Incorrect. I have done it.:-( Estimate to repair truck was over $3000.


----------



## smrobs (Jul 30, 2008)

Depends on the turning radius of your truck and the length of your trailer. If your truck turns shorter than your trailer is long, then you can jack-knife going forward and dent your cab.

I don't have any pictures of my brothers old short bed and his gooseneck but he never had any problems. As others said, you just have to be cautious and keep a close eye that you don't crunch the cab with the front of the trailer.


----------



## DiamondK (Aug 27, 2012)

All, thank you for the responses.

Heres the truck, bad picture, not sure if you can tell the bed length;









Here is my trailer;


----------



## NorthernMama (Mar 12, 2008)

Measure the radius from the center of the hitch on the trailer to the outside corner. Then do the same in the truck bed -- that'll tell you what your limits are depending on if you get the hitch extender or not.


----------



## Shropshirerosie (Jan 24, 2012)

NorthernMama said:


> Measure the radius from the center of the hitch on the trailer to the outside corner.
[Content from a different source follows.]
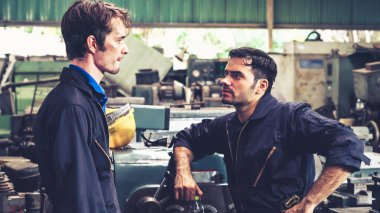 Yorgun fabrika işçileri mola verip fabrikada iş arkadaşlarıyla konuşuyorlar.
Then do the same in the truck bed -- that'll tell you what your limits are depending on if you get the hitch extender or not.
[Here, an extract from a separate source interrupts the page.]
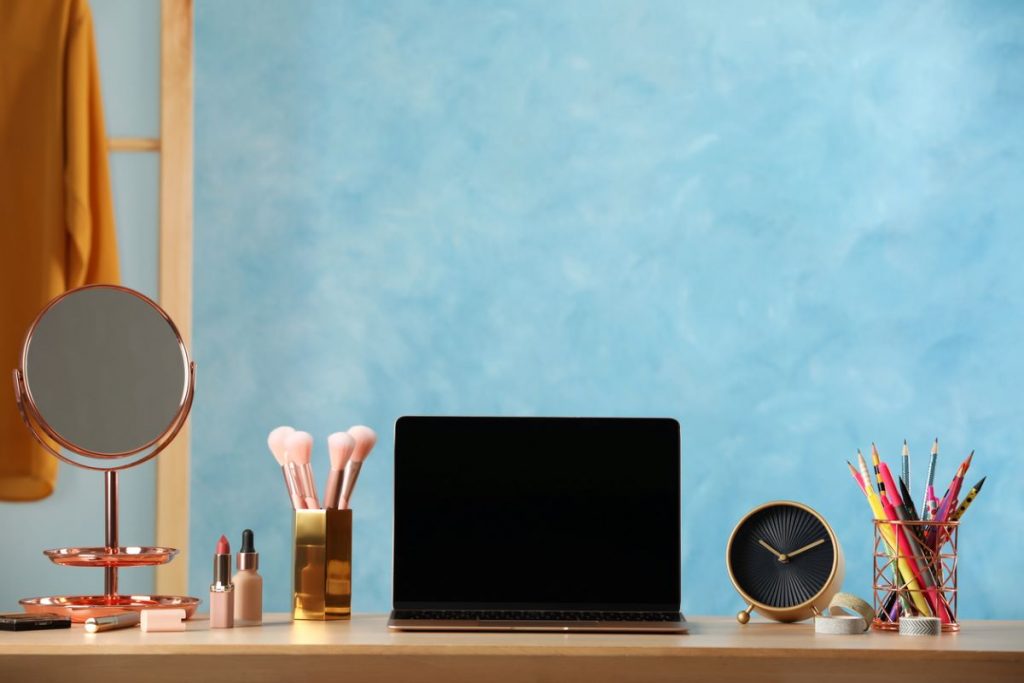 Záber na pracovný stôl s notebookom, ceruzami, budíkom a kozmetikou.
Ah the voice of logic. Because this question is indeed just a matter of geometry. And a nice example of why the 'ridiculous' things we learnt at school are actually not ridiculous at all


----------



## loveduffy (Dec 22, 2011)

I towed with a 6' ft bed for years and did not have any problems


----------



## Mingiz (Jan 29, 2009)

I have a short bed F250. My trailer is a Exiss 3h with 8ft LQ. I purchased a SB1 hitch extender for the trailer. I have no issues with turning into tight spots. The extender sets the trailer back 9inches and does not affect the weight distribution. You really don't have to worry that you will hit the cab of the truck. I have jack knifed this rig into spots with plenty of room between cab and trailer.



The extender


----------